Plain English Breakdown
The bill text uses permissive language ('shall... if a seller that rounds'), indicating this is not mandatory for all transactions but only applies when a seller elects to round.
Rounding Cash Transactions to Five Cents
This bill allows sellers in Alaska who choose to round cash payments to do so by adding item prices and taxes first, then rounding the total up or down to the nearest five cents.
What This Bill Does
- Requires that if a seller rounds cash transactions, they must add all goods, services, discounts, and applicable taxes before calculating the final rounded amount.
- Rounds totals ending in one, two, six, or seven cents down to the nearest five-cent mark.
- Rounds totals ending in three, four, eight, or nine cents up to the nearest five-cent mark.
- Excludes payments made by electronic funds transfer, money order, credit card, debit card, or similar methods from this rounding rule.
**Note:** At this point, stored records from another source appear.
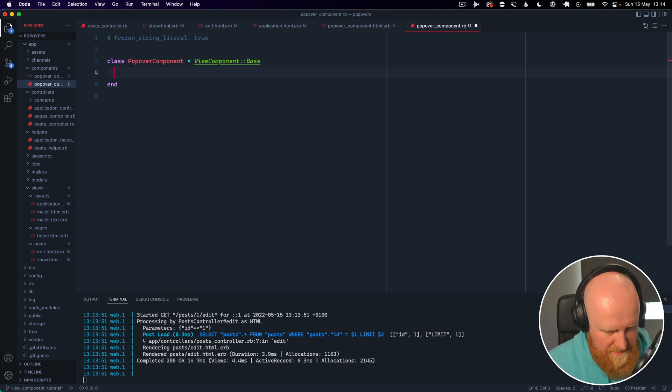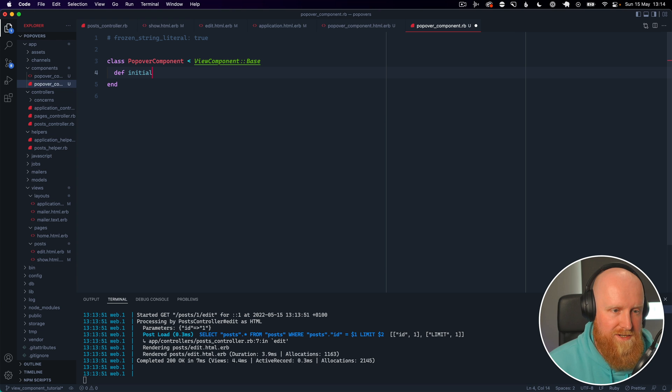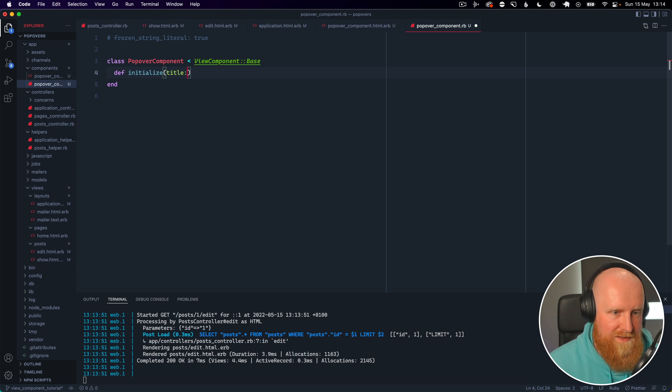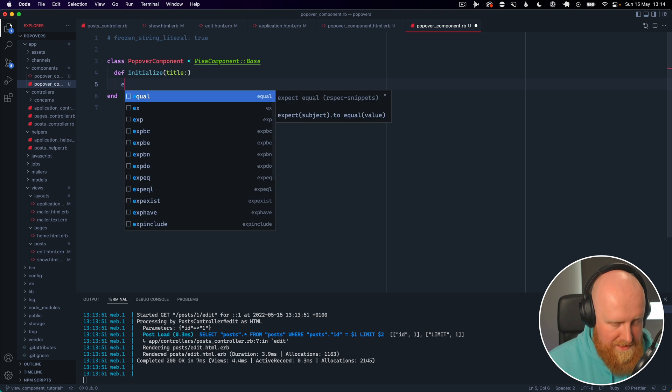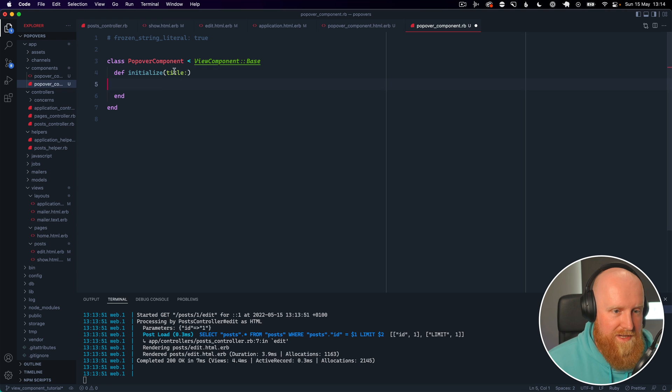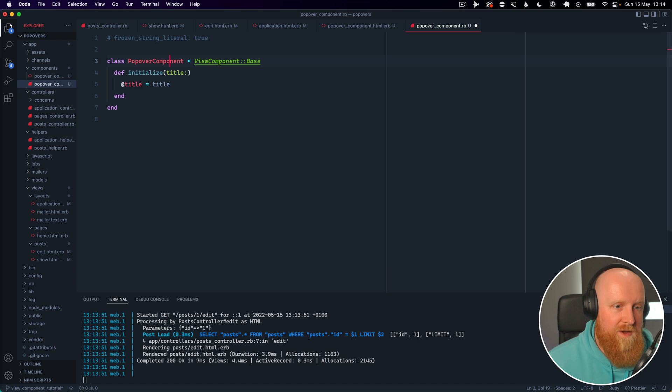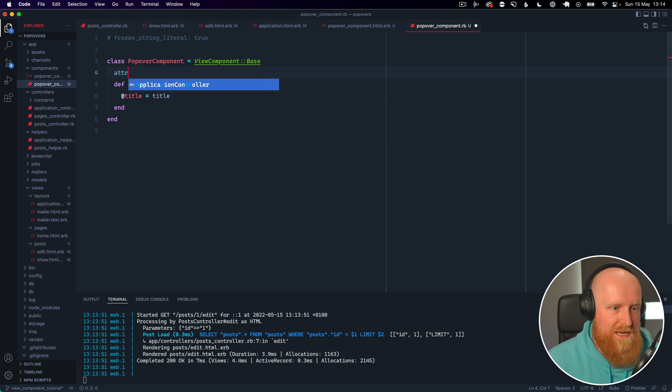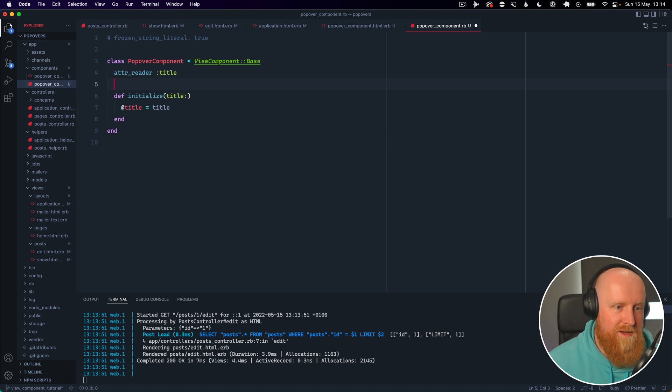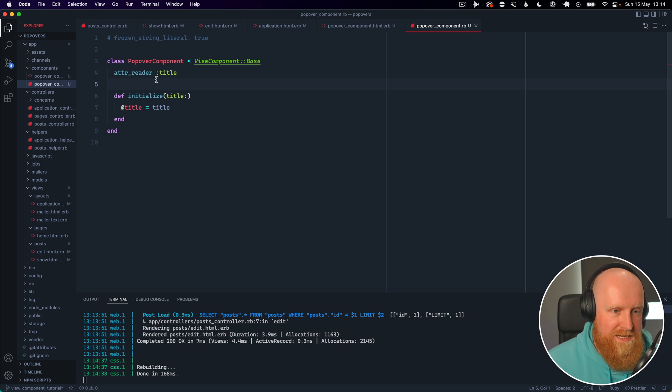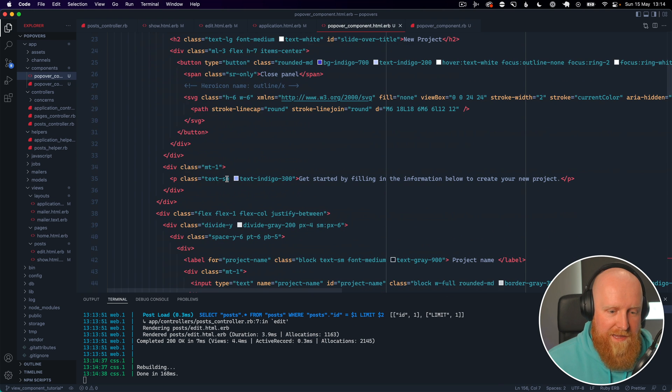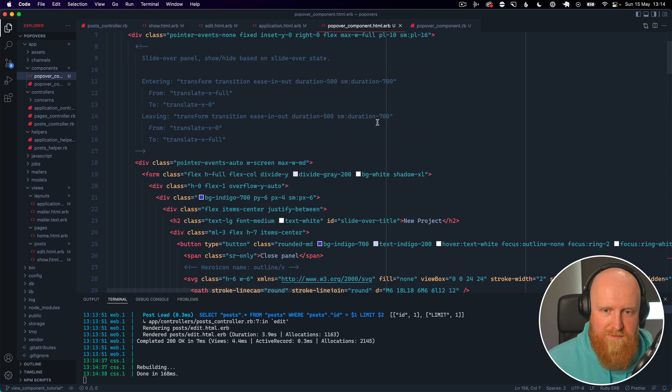So how we do that is in our popover component. The first thing we can do is create an initializer so we can say initialize and we can say title and we'll not give a default value for that so it's required. So if we take title and we set an instance variable for title, what I also like to do is create an attr_reader in here for title.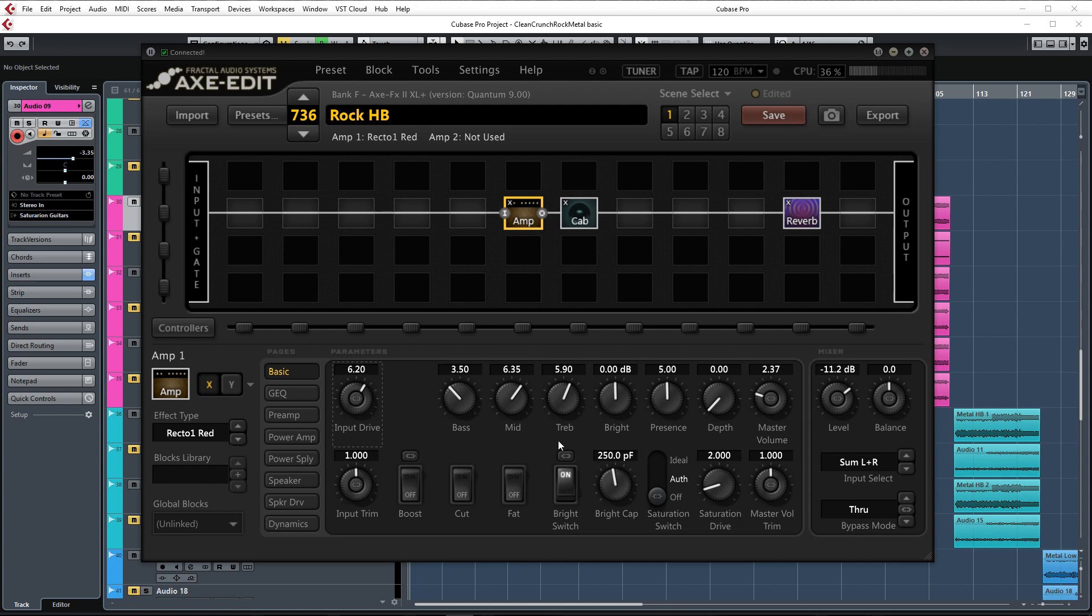Mids and treble are turned up a bit to also increase midrange definition and clarity. Presence remains at 5.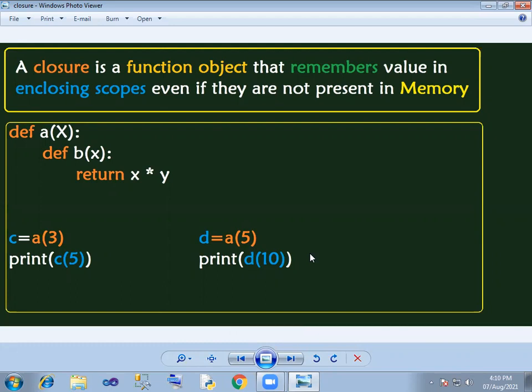We will be able to define the function. The function is a nested function. We will define the function. Closure is a function object that remembers value in enclosing scope, even if they are not present in memory. That means enclosing scope is a function object.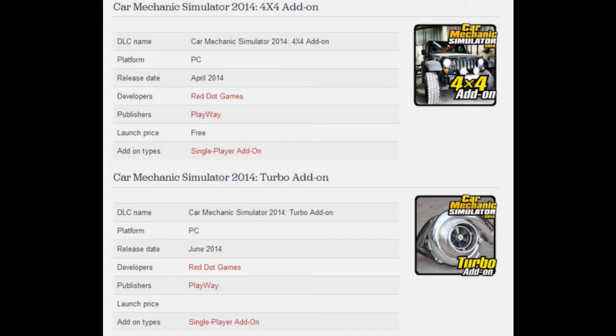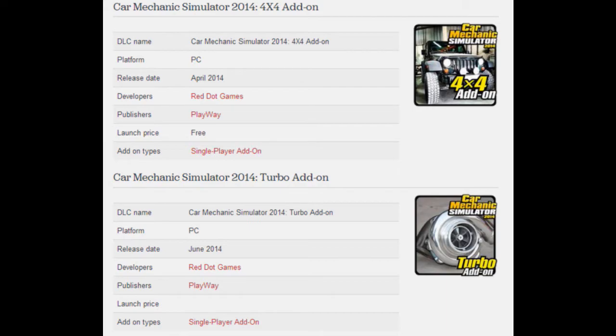Moving on, we've got the Car Mechanic Simulator 2014 Turbo add-on. I take it this is where you can replace, repair, and fit turbos onto more sporty cars or any car really. This is getting released in June 2014 and again, there's not a specific date yet but it will be in June.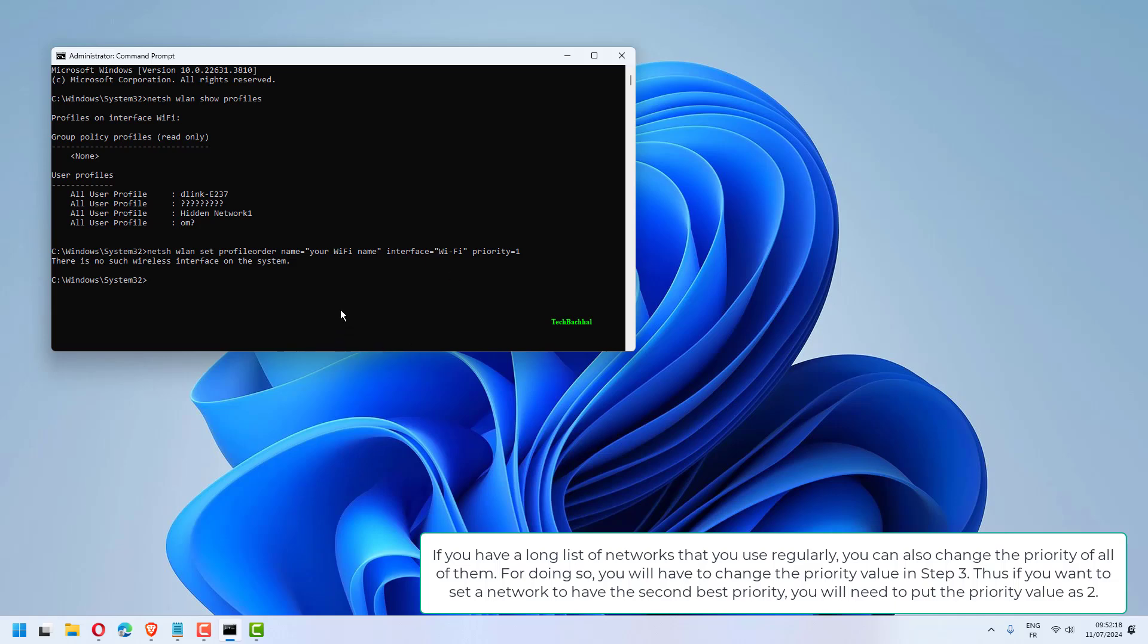Thus, if you want to set a network to have the second best priority, you will need to put the priority value as 2.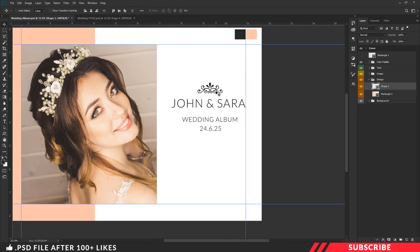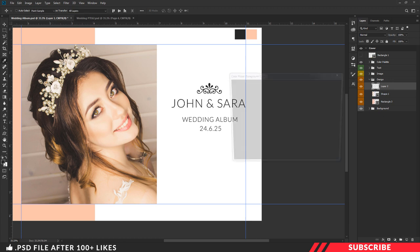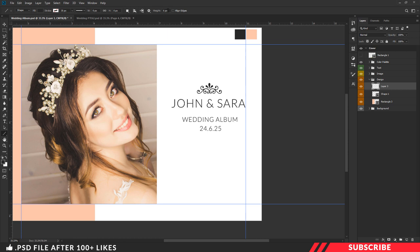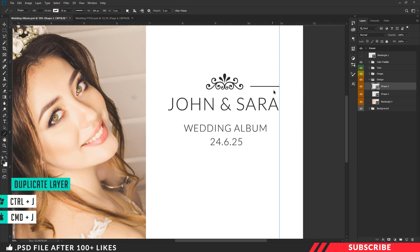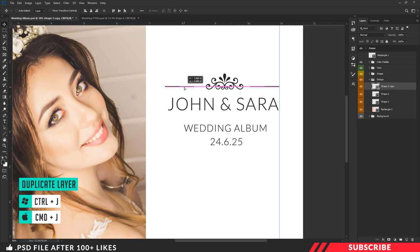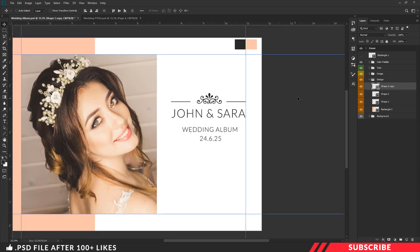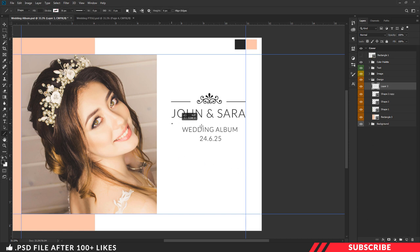Now we are going to create a design and adjust the position. Create a new layer and add an arrow key. Now we are going to create a line — go to the design folder and create a color picker with black color. We are going to use a line tool with a width of 6 pixels. Create a fill and disable the rectangle. Now we will create a duplicate copy with Ctrl J and move it to the left side.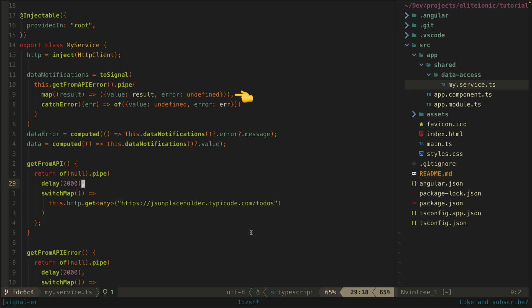But if there is an error I am catching the error so that it won't cause the signal to throw an error. Then I replace the error with a stream that will emit with the value undefined and the error defined.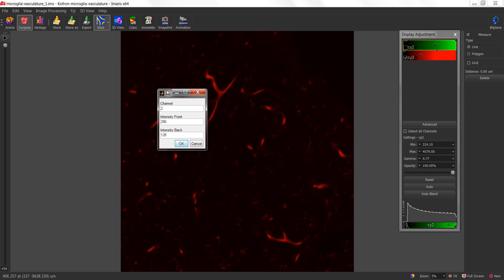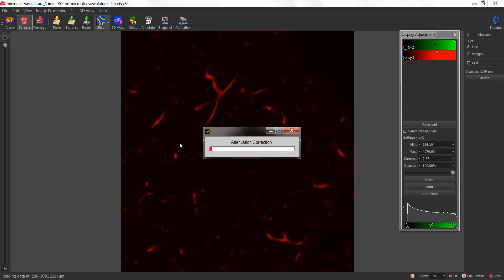It also asks for the intensity at the front of the stack versus the intensity at the back of the stack. The front of the stack for us is actually the bottom of the stack, because it's based on the numbering system on the left-hand side. The highest number would be the back of the stack, and the lowest number would be the front of the stack. So I'm going to enter in 600 gray levels for the bottom and 1,500 gray levels for the top. Once that's been entered, click OK and the attenuation correction will start to be calculated.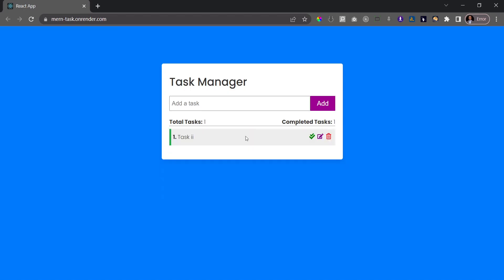So one of the other things you notice is that we have a task total or a total task count and currently it's 1, and then the completed task is also set to 1. So that's the application we're going to be building in this project. It's going to be an exciting one and let's get started.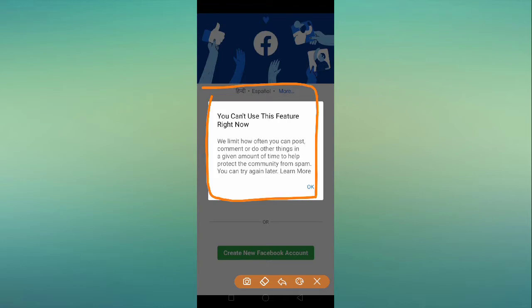First we'll cover the reason why we are facing this problem — what we have done on Facebook and why Facebook is giving us this error. To know everything and solve this problem, watch this video. Before proceeding, make sure to subscribe to our YouTube channel and press the bell icon to get all the latest updates. Let's begin the tutorial.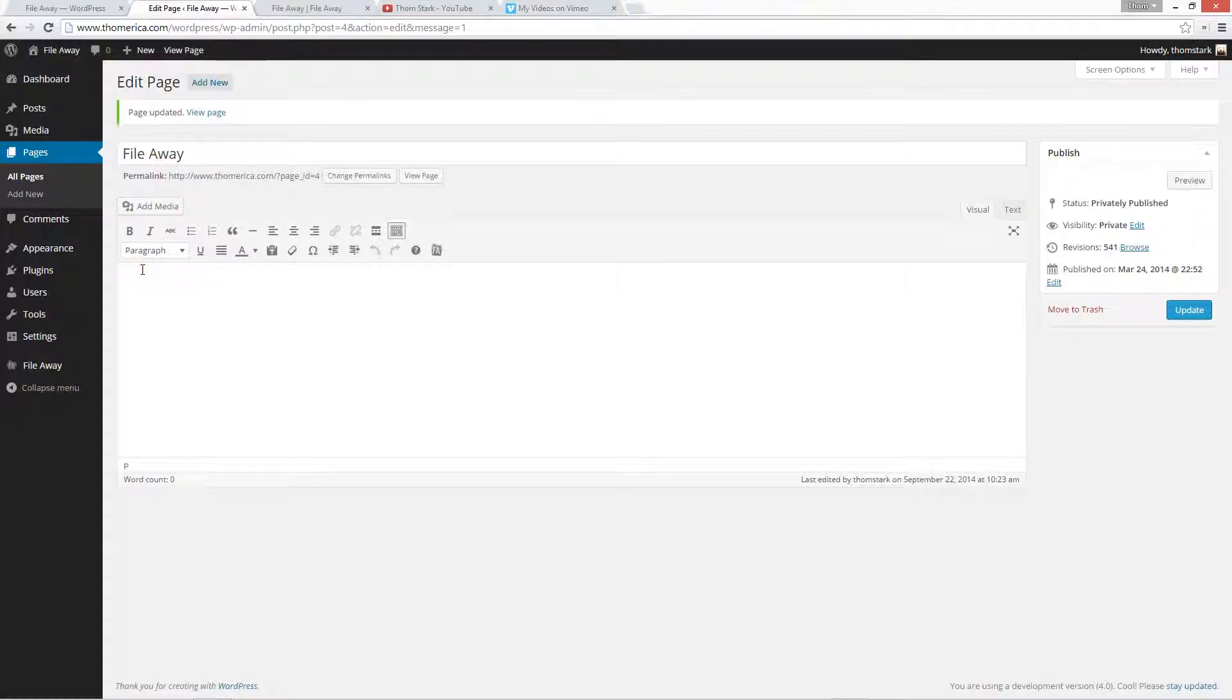Hi, everybody. I'm going to show you how to add YouTube and Vimeo videos to your FileAway flight box tables or lists. We're going to do a table. Same deal for lists.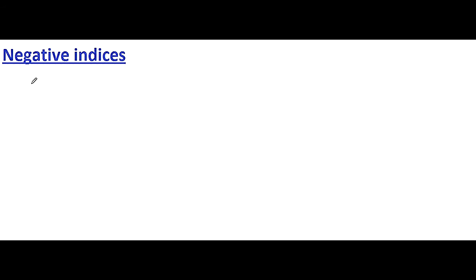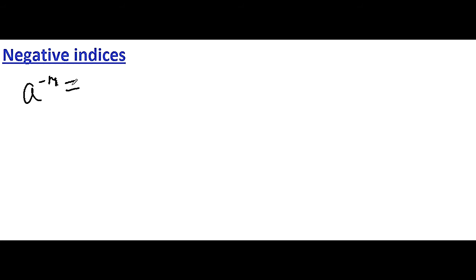Welcome to this lesson. This is the second lesson in the topic indices and novelty. In this section we are going to learn about negative indices. A negative index is written like this: a to the power minus m is equal to 1 divided by a to the power m.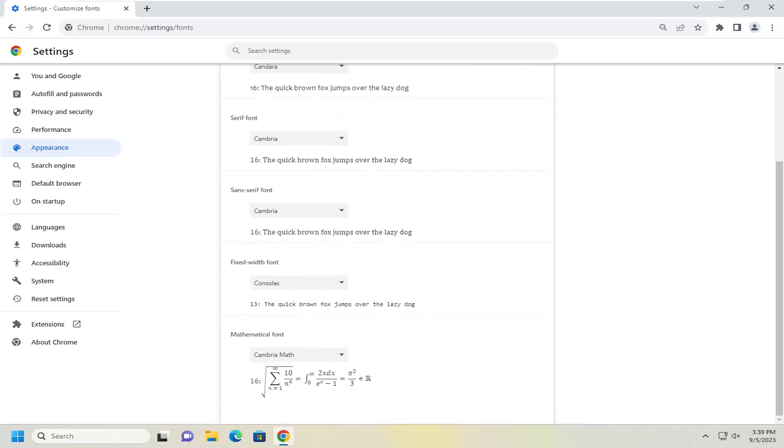And you have the sans serif font. So these are the modern fonts without the little feet on the top and bottom of letters.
- States that no state or local tax is owed on any small gain or loss caused by rounding.
Who It Names or Affects
- Sellers who engage in the business of selling goods or services and choose to round cash transactions
- Customers paying with physical cash for purchases
Terms To Know
- Seller
- A person who engages in the business of selling, contracting for the sale of, or arranging for the sale of goods or services.
- Cash transaction rounding
- The process of adjusting a cash payment total to be divisible by five cents after adding all prices and taxes.
Limits and Unknowns
- Rounding is optional for sellers; the law only sets rules if they choose to round.
- The text does not state a specific date when this law will take effect.
- The bill has passed both chambers but its final status regarding executive action or effective date is unknown.